A decisão do presidente Lula de conceder refúgio político ao escritor italiano Cesare Battisti é correta sob todos os aspectos. O governo italiano não conseguiu provar junto à Justiça brasileira que Battisti é culpado dos crimes dos quais é acusado e tampouco oferecer garantias de um julgamento justo, no caso da extradição, até em observância ao que determina o tratado sobre o assunto entre Brasil e Itália.


Foi desastrada a ação do governo de Berlusconi (como desastrado é seu governo) na condução do processo. Vergonhosa a atitude do ministro do STF (Supremo Tribunal Federal) quando recebeu o embaixador da Itália pela porta dos fundos de seu gabinete e suas atitudes após essa visita.


Tratou o Brasil, os brasileiros, o governo, como se fossem lacaios de um governante irresponsável – Berlusconi.


A expressão “terrorista” usada pela mídia privada brasileira para rotular Battisti perdeu o sentido depois do WIKILEAKS e do terrorismo (sem aspas) praticado por norte-americanos e seus aliados (colônias) em todo o mundo.

Não cabe julgar politicamente a participação de Battisti no processo de resistência em determinada época a governos italianos. François Mitterand, socialista e presidente da França por 14 anos, não hesitou um só instante em conceder asilo a Battisti.


O que está no centro do palco é outro tipo de jogo. Um jogo sórdido do primeiro-ministro Berlusconi, contestado por manifestações em toda a Itália e que queria exibir a cabeça de Battisti como troféu para tentar um novo mandato.


E, ademais, é da tradição brasileira abrigar, refugiar, asilar perseguidos políticos. (...)


A decisão final, segundo a Constituição, é do presidente da República. Todas as medidas protelatórias foram tentadas por Gilmar Mendes. À época presidente do STF, é notoriamente ligado a grupos de extrema-direita e empresários envolvidos em corrupção (Daniel Dantas).


Sequer se preocupa em disfarçar, mesmo porque lhe falta o tal “notável saber jurídico”. Tanto quanto a “reputação ilibada” para integrar a mais alta corte de justiça do País. É invenção de FHC para garantir a impunidade da turma.


A decisão de Lula foi coerente com sua história, respaldada no Direito e reforça a tradição brasileira de braços abertos aos perseguidos políticos em outros países (exceção vivida apenas no período da ditadura militar, ela própria perseguidora).(...)

O que pouca gente sabe – é lógico, a mídia privada está no bolso e esconde – é que Berlusconi tem grandes negócios no Brasil e seus tentáculos chegam a setores do mundo institucional, com a prodigalidade típica dos corruptos.


Não há cabimento no argumento que temos nossos problemas e não devemos nos ocupar dos problemas dos outros.

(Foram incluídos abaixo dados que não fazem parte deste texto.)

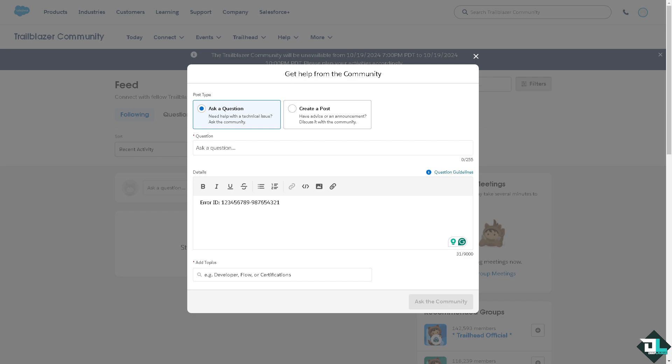And of course, it's an essential part of maintaining a stable and functional Salesforce environment if you can identify and effectively diagnose the Salesforce error ID. Thank you so much for watching and we will see you again in the next video.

Battisti está preso no Brasil, buscou o nosso País para refugiar-se de ações ilegais do governo de seu país, logo é um problema nosso. (...)


Battisti foi partícipe de um processo de lutas que permeava toda a Europa na década de 60 e se estendia a todo o mundo de modo geral. Um processo decisivo na construção de estradas passíveis de se começar a abrir picadas em meio a um estado autoritário no seu todo, mesmo em supostas democracias como a italiana.


Lula fecha com chave de ouro seu governo – ao qual cabem críticas, evidente – ao conceder refúgio político a Cesare Battisti sem se intimidar com a cara feia de um governo que preside uma colônia norte-americana na Europa, o italiano e a Itália, e é antes de mais nada uma reedição trágica dos momentos pornográficos dos césares, ou histriônicos do Duce.


E não poderia ser diferente, Berlusconi é banqueiro.


Mostra um Brasil diferente daquele de FHC. Um Brasil que a despeito dos problemas, das críticas que possam ser feitas, caminhando ereto, de pé, que se espera, aliás, continue a ser assim com Dilma Roussef.